17053.48.
(a) (1) For each taxable year beginning on or after January 1, 2022, and before January 1, 2027, there shall be allowed as a credit against the “net tax,” as defined in Section 17039, an amount equal to the amount specified in paragraph (2) for a qualified expenditure paid or incurred by the qualified taxpayer during the taxable year.(2) (A) The amount of the credit allowed pursuant to this section for the taxable year shall be equal to 50 percent of the amount paid or incurred by a qualified taxpayer during the taxable year for a qualified expenditure.
(B) The amount of the credit allowed to a qualified taxpayer shall not exceed nine thousand dollars ($9,000) per taxable year.
(b) For purposes of this section, the following definitions shall apply:
(1) “Designated wildfire zone” means any of the following:
(A) A high or very high fire hazard severity zone, as determined by the Department of Forestry and Fire Protection pursuant to Section 51178 of the Government Code.
(B) A high or very high fire hazard severity zone as indicated on maps adopted by the Department of Forestry and Fire Protection pursuant to Section 4202 of the Public Resources Code.
(C) An area affected by one or more public safety power shutoffs in the prior taxable year.
(2) “Public safety power shutoff” means the proactive deenergization of electric facilities to mitigate wildfire risk caused by utility infrastructure.
(3) “Qualified taxpayer” means a natural person or a small business that incurs a qualified expenditure.
(4) “Qualified expenditure” means the purchase of a backup electricity generator that does not exceed eighteen thousand dollars ($18,000) for use in a residence or commercial property in a designated wildfire zone.

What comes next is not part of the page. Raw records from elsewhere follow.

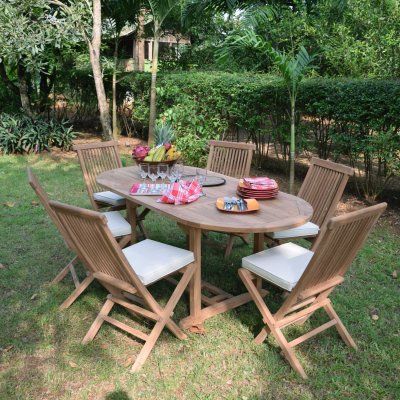 TECK ATTITUDE Salon de jardin en teck massif Manille, 6 places - Naturel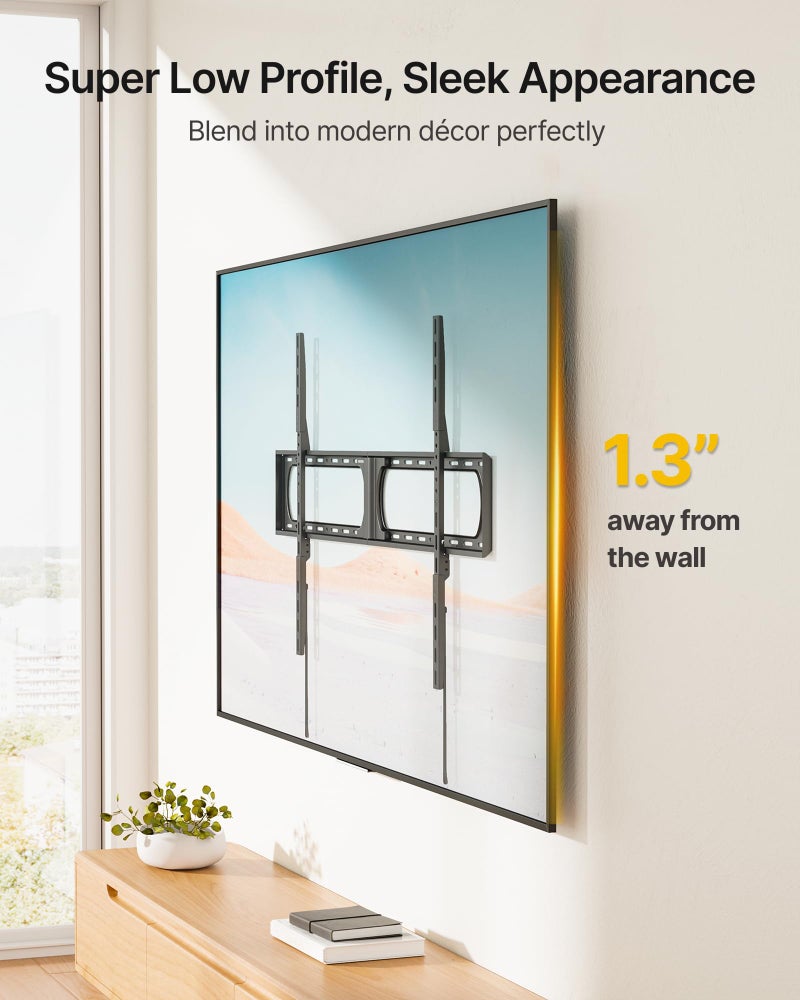 monTEK Heavy Duty XXL Fixed TV Wall Mount for 37â€“140" Flat & Curved TVs up to 300 lbs, 4Ã— Load Tested, 1.25" Ultra Slim Low Profile Bracket, Fits 16"/18"/24" Wood Studs,VESA 1200Ã—800mm TM1007W-XLF - Image 5
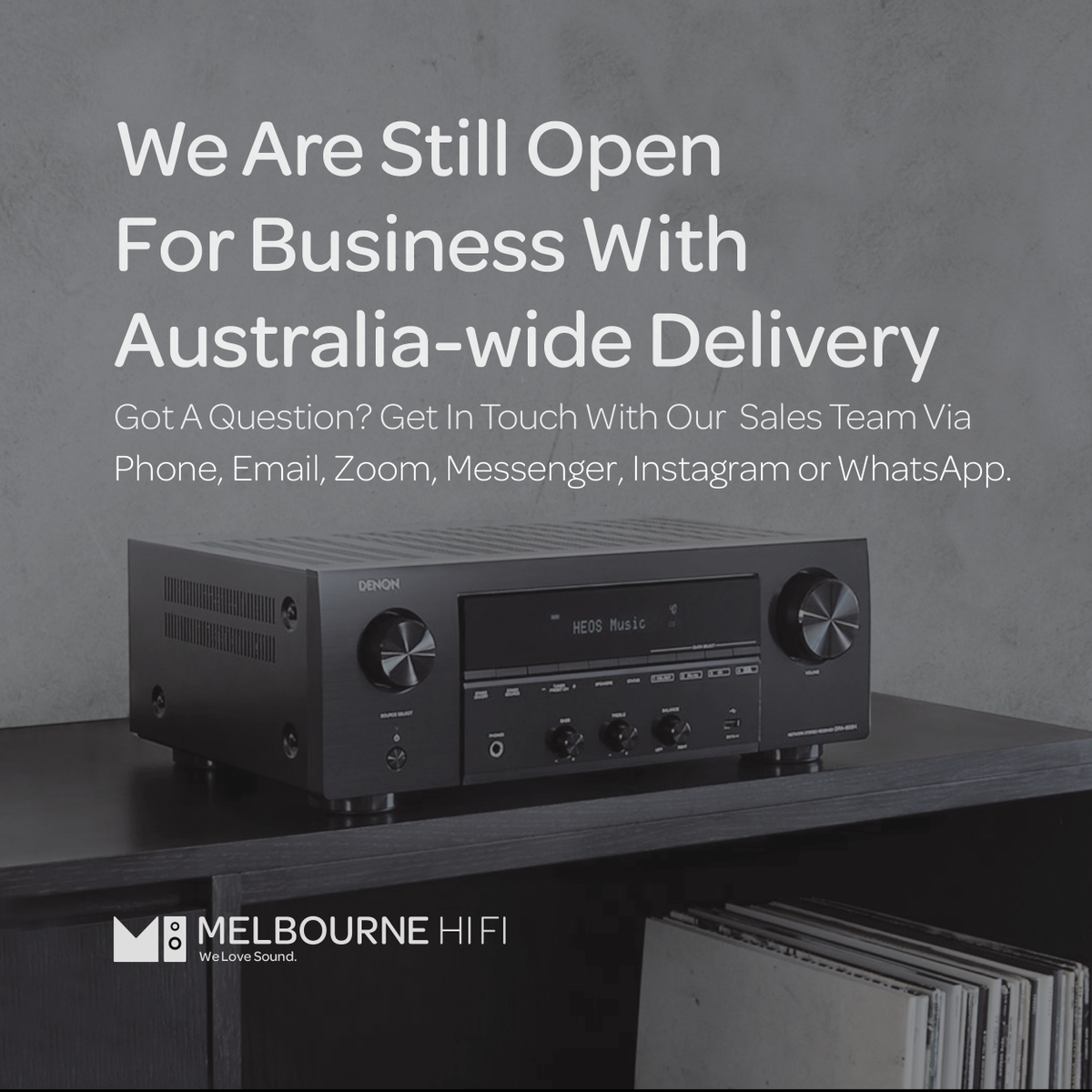 MelbourneHiFi's tweet photo. Online Store Open For Business. Our online store will continue to remain open with Australia-wide delivery available. Should you wish to get in touch with us we are now offering a range of instant message or video chat options: Facebook Messenger, Instagram, Zoom or WhatsApp. https://t.co/TExnYiWr3C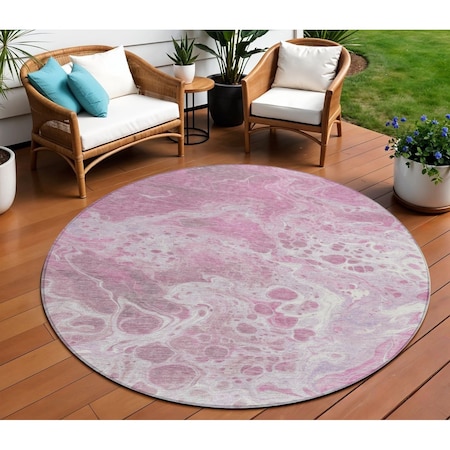 Homeroots 8' Pink And Ivory Round Abstract Washable Indoor Outdoor Area Rug 618312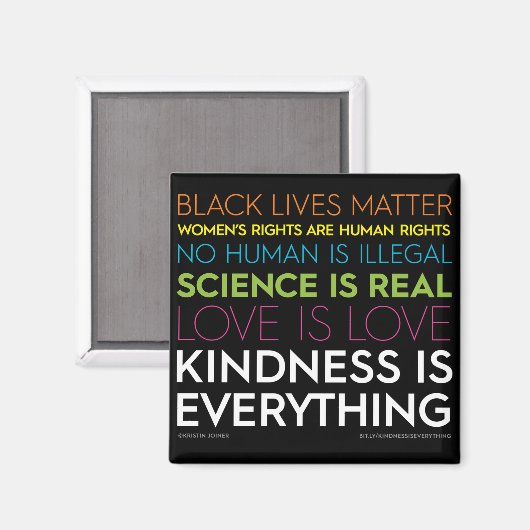 #KindnessIsEverything Square Magnet (Vorderseite/Rückseite)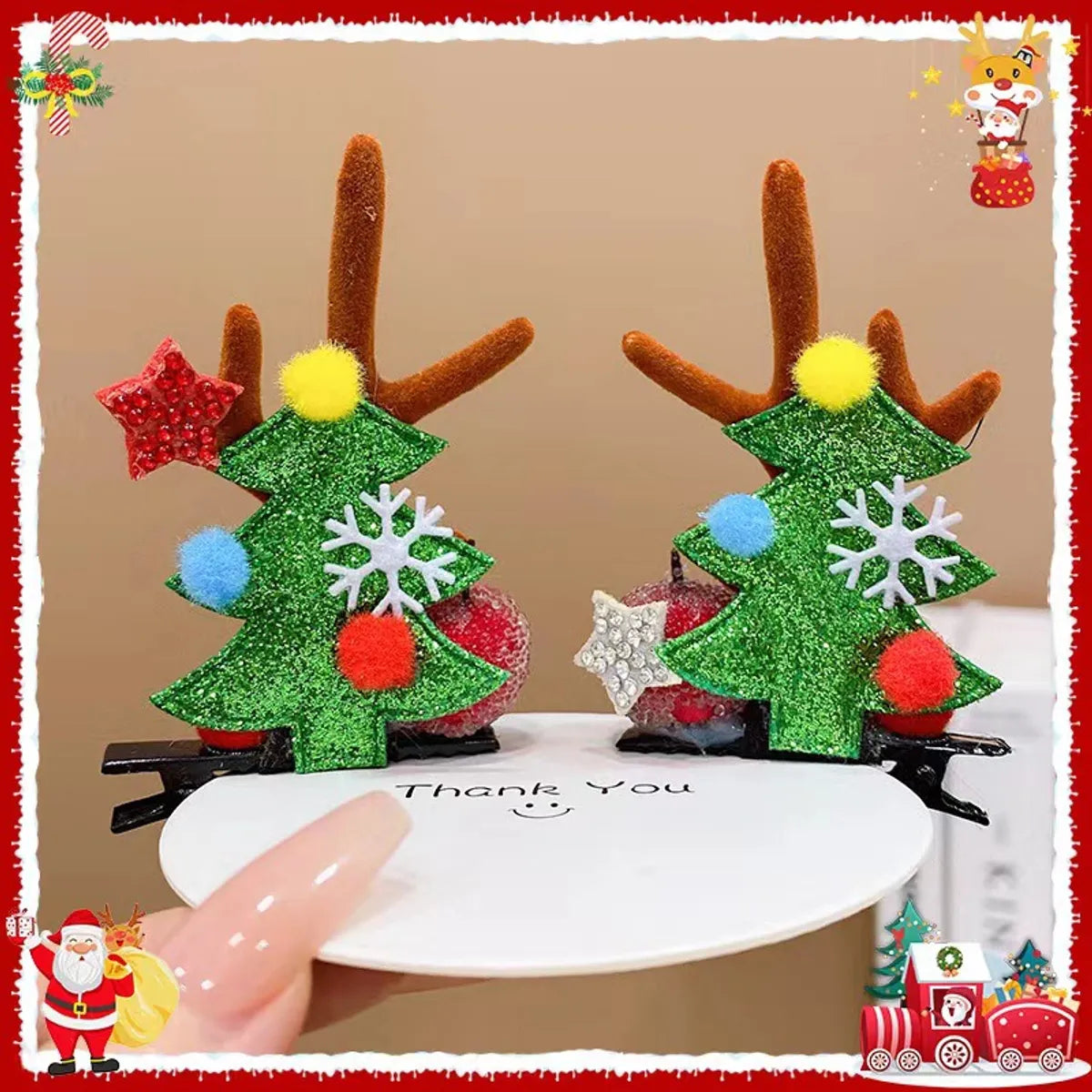 Unisex Cute Simple Style Santa Claus Elk Cloth Flocking Hair Clip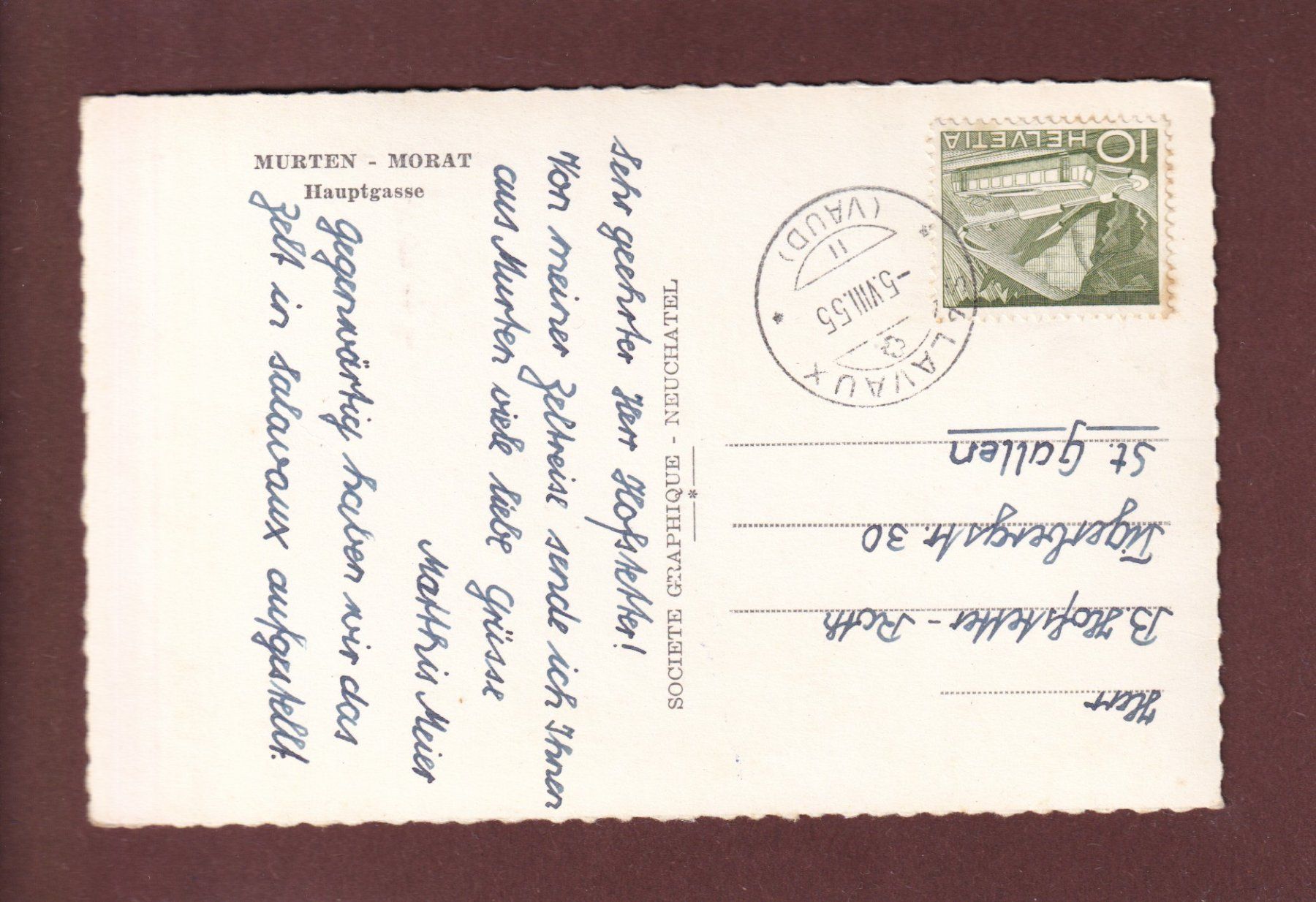Cartoline postali: MORAT / MURTEN - Hauptgasse - 1955 – Usato da Pully venduto da nicecards 1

(5) “Small business” means a business that is all of the following:
(A) Independently owned and operated.
(B) Has fewer than 100 employees.
(C) Has average annual gross receipts of fifteen million dollars ($15,000,000) or less over the previous three years.
(c) In the case where the credit allowed by this section exceeds the “net tax,” the excess may be carried over to reduce the “net tax” in the following taxable year, and succeeding four years if necessary, until the credit is exhausted.
(d) This section shall remain in effect only until December 1, 2027, and as of that date is repealed.